Сохраняя учебный и просветительский характер музея, В. А. Прохоров стал издавать журнал «Христианские древности и археология». На издание посыпалась резко отрицательная критика. В журнале «Северная Пчела» от 1862 года говорилось, что «толкование Прохорова прямо гласит в пользу известного раскольнического об этом толка (…) раскольническая чушь (…) сточная яма всяких умственных вонючих нечистот нетовщины, федосеевщины и прочее». В популярном тогда «Русском вестнике» его обвинили в сознательном возвеличивании и пропаганде особенно почитаемых раскольниками эстетических форм культуры. [243] Развернулась широкая компания по его дискредитации как ученого. Даже М. П. Погодин, «совершенно отступился от всего», – писал В. В. Стасов, и впоследствии, публично оправдывался, признав журнал «двуперстным». Никто не выступил в защиту автора, журнал не получил в свое время должного распространения и навсегда остался в черном теле, с прискорбием вспоминал В. В. Стасов. Об авторе даже ходили слухи, что он тайно служит в старообрядческих молельнях. Обвинение коснулось и его внешнего вида, указывая на то, что он носит бороду по-старинному образцу. Апогеем преследования можно считать случай произошедший в Старой Руссе. По личному распоряжению губернатора, графа Чапского, В. А. Прохоров как поклонник старины, был арестован и после допроса несколько суток содержался под арестом. Все это укрепило позицию автора, начавшего в 70-е годы издавать новый журнал «Русские древности», вызывая хороший резонанс в научных кругах. Этот труд не утратил своей научной актуальности и в наши дни.

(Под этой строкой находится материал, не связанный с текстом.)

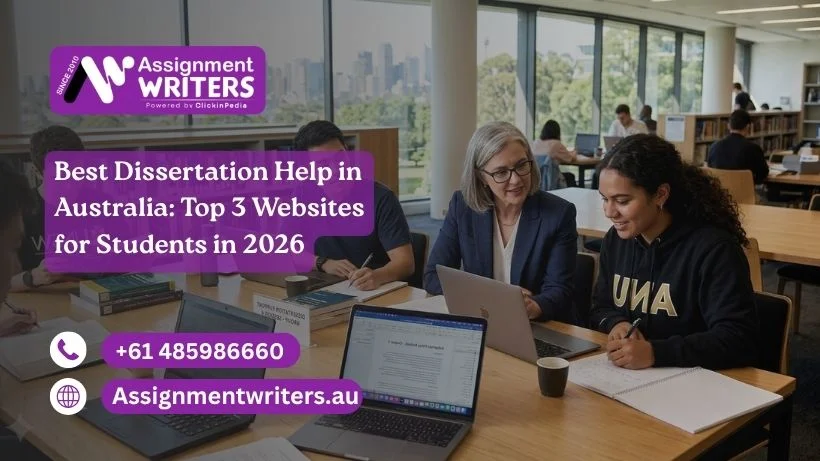 Best Dissertation Help in Australia: Top 3 Websites for Students in 2026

Со времени вступление Великого Князя Владимира Александровича в звание президента Академии Художеств, В. А. Прохоров получил назначение на чтение первого в России систематического курса лекций по древнерусскому искусству. В результате этого назначения, в постановлениях Совета Императорской Академии Художеств, впервые подверглась критике реформа Петра Первого, приведшая к слепой «подражательности» чужой европейской культуре. Простой народ «упорно сидел на преданиях», следствием чего стало враждебное отношение к сословиям. В частности, в постановлениях говорилось: «мы дожили до такого времени, когда русские ученые дружно принялись изучать и разрабатывать отечественные древности, долгое время бывшие заброшенными (…) Было время, когда с голоса иноземцев старинный русский народ считался неспособным к искусству; в нем не признавали никакого стремления к изяществу; не хотели верить, чтобы у него была хоть капля эстетического вкуса. Он едва ли мог просуществовать в нравственном одеревенении не только тысячу, но и сотню лет (…) и вообще произвести из самого себя такой строй, в основе которого лежит именно чувство изящного, желания порядка, согласия, гармонии, красоты (…) он едва ли мог бы создать государство». [244] Этот декларативный с виду текст имел глубокое мировоззренческое значение, что стало итогом мужественной научной позиции В. А. Прохорова, столь много претерпевшего. Изучения русского искусства обрело новую методологическую направленность.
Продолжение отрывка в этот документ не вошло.